Bilindiği gibi Kur’an’da en büyük ceza adam öldürmeden sonra hırsızlık ve ondan sonra zina kabul edilmiştir. Görüleceği üzere kesilen el ile ortaya çıkan kayıp çalınan mal ile ortaya çıkan değerden daha büyüktür. Günümüzde bu durumun anayasal mahiyetli olan kısas ilkesine aykırı olduğu, ibretin ve caydırıcılığın işlenen suçun cezası olmadığı, ibret başkalarına örnek yapmak ve başkalarını o suçu işlemekten caydırmak olduğu iddia edilmektedir. Dolayısıyla hırsızın eli hırsızlık yaptığı için değil başkası hırsızlık yapmaması için kesildiği hâkim bir görüş bulunmaktadır. Oysa bugün çalınan mal cansız, kesilen el canlı, çalınan mal yerine getirilebilir fakat kesilen el yerine getirilemez gerekçesiyle kısas yani anayasal ilkeye ters olduğu ileri sürülmektedir.
Keza klasik dönemde zina eden bekâr için yüz değnek vurulması bugün vücut bütünlüğüne yapılan bir işkence kabul edilmiştir. Evlinin zinası için ise recm uygulaması rivayetleri bulunmaktadır. Bu anlayışa göre bugün vücut bütünlüğüne yapılan her müdahale bir tür işkence kabul edilmektedir. Genel hukuk kuralı olarak “illet değişince hükümler de değişir”, “zamanın değişmesiyle hükümlerde değişir” gibi hukuki ilkelerimiz de bulunmaktadır. Bu ilkelerimizin kapsamı ve uygulanabilirlik alanı da merak konusu olmuştur. Bu iddialara bireysel değil de ortak akılla cevap aranmalıdır.
İslam ceza hukukunda evli çiftlerin zina suçunu işlemesi durumunda, suçun ispatı, ikrar veya kesin delillerle ispatlandığı takdirde recm cezası uygulandığı rivayetleri bulunmaktadır. Bugün bilginler arasında taşlayarak öldürme konusu hala tartışılmaktadır. Bugün evli çiftlerin zina suçunu işledikleri takdirde taşlanarak öldürülmesini savunanlar olduğu gibi reddedenler de bulunmaktadır. Desene sosyal değişmeler karşısında tarihten günümüze nefret suçlarının kapsamının genişletilip daraltıldığı görülmektedir.

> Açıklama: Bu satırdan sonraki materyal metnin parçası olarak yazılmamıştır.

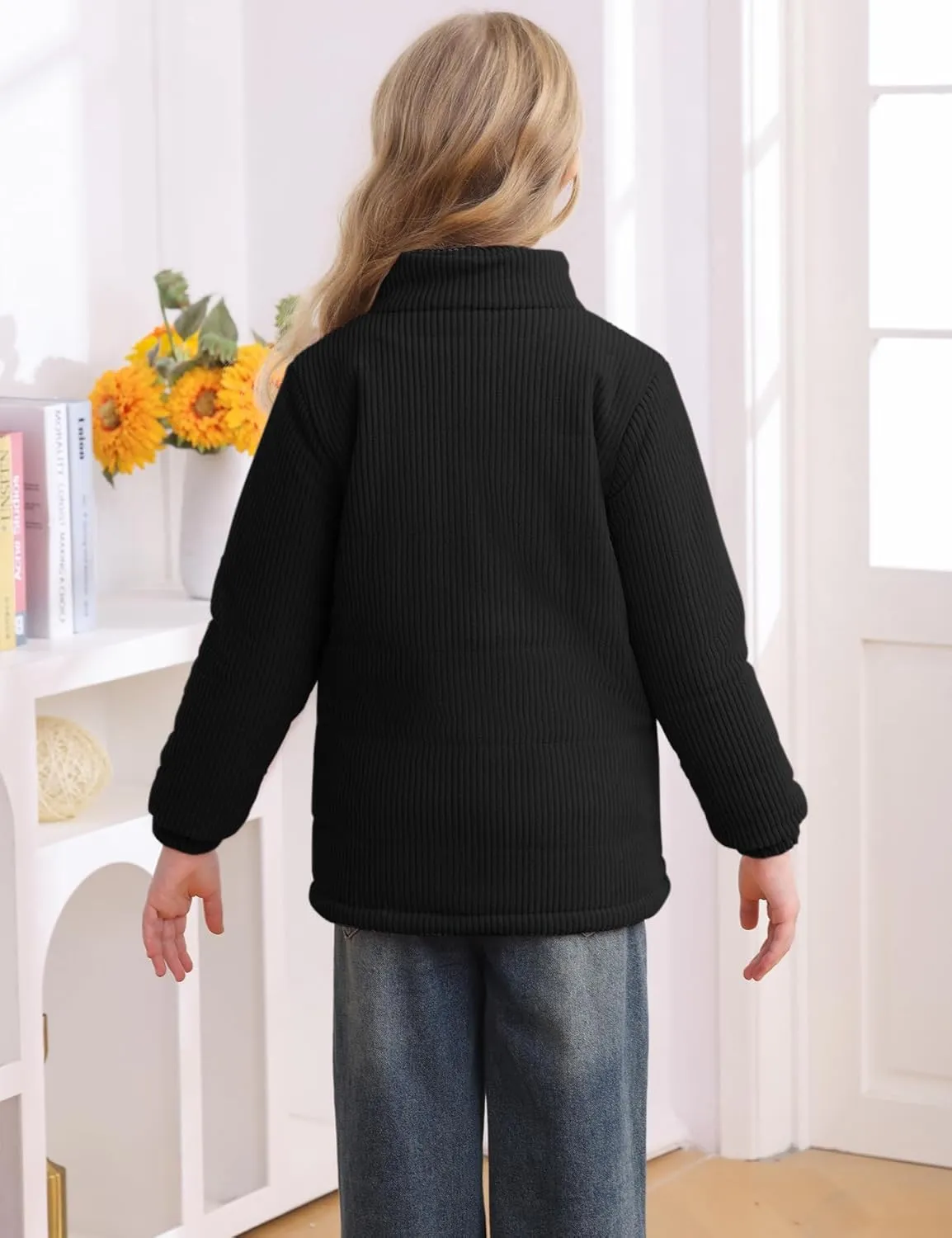 Floral Find Girls Long Sleeve Winter Jacket Coats Zip Up Stand Collar Corduroy Quilted Outerwear Jackets with Pocket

Recm konusu hakkında yapılan çalışmalara bakıldığında, recmin dinin bir emri olduğu görüşünde olanlar ile recmin bir dönemin nefret suçu kapsamında uygulanmış, dönemsel bir cezalandırma yöntemi olduğu görülür. Biz de konu hakkında bir beyin fırtınası yapmak bazı konulara parmak basmak istiyoruz. Bugün insan hakları evrensel beyannamesinde bedene verilen cezalar, bir işkence olarak kabul edilmiştir. İlk dönem toplumlarında taşlayarak öldürme âdeti, ilk çağlardan itibaren uygulanan bir ceza ve infaz yöntemidir. Recm, tarihin eski dönemlerinden itibaren özellikle Yahudilikte uygulanan bir durumdur.
Tarihin ilk dönem toplumlarında pek çok konuda taşlayarak ceza verildiği bilinmektedir. Tarihte din değiştirmeden tutun da ana babaya isyan, taciz, Allah’a küfür, devlet malını çalma gibi oldukça tali nefret suçlarının recm cezasına çarptırıldığı rivayetleri bulunmaktadır. Tevrat’ta evli kimselerin zina suçu, taşlanarak öldürülme hükmü bulunmaktadır. Taşlayarak ceza verme yani recm olayı, Hz. İsa dönemine kadar uzun bir dönem nefret suçu olarak uygulanmıştır. Bu tür cezalandırma yöntemi, bu dönemlerde insanlığın doğal karşıladığı bir ceza yöntemi olmuştur. Bu dönemlerde taşlayarak öldürme cezası, toplumsal kabul haline gelmiş, bu sosyal realite ve toplumsal algıyı vahiy ahkâmı da dikkate almıştır.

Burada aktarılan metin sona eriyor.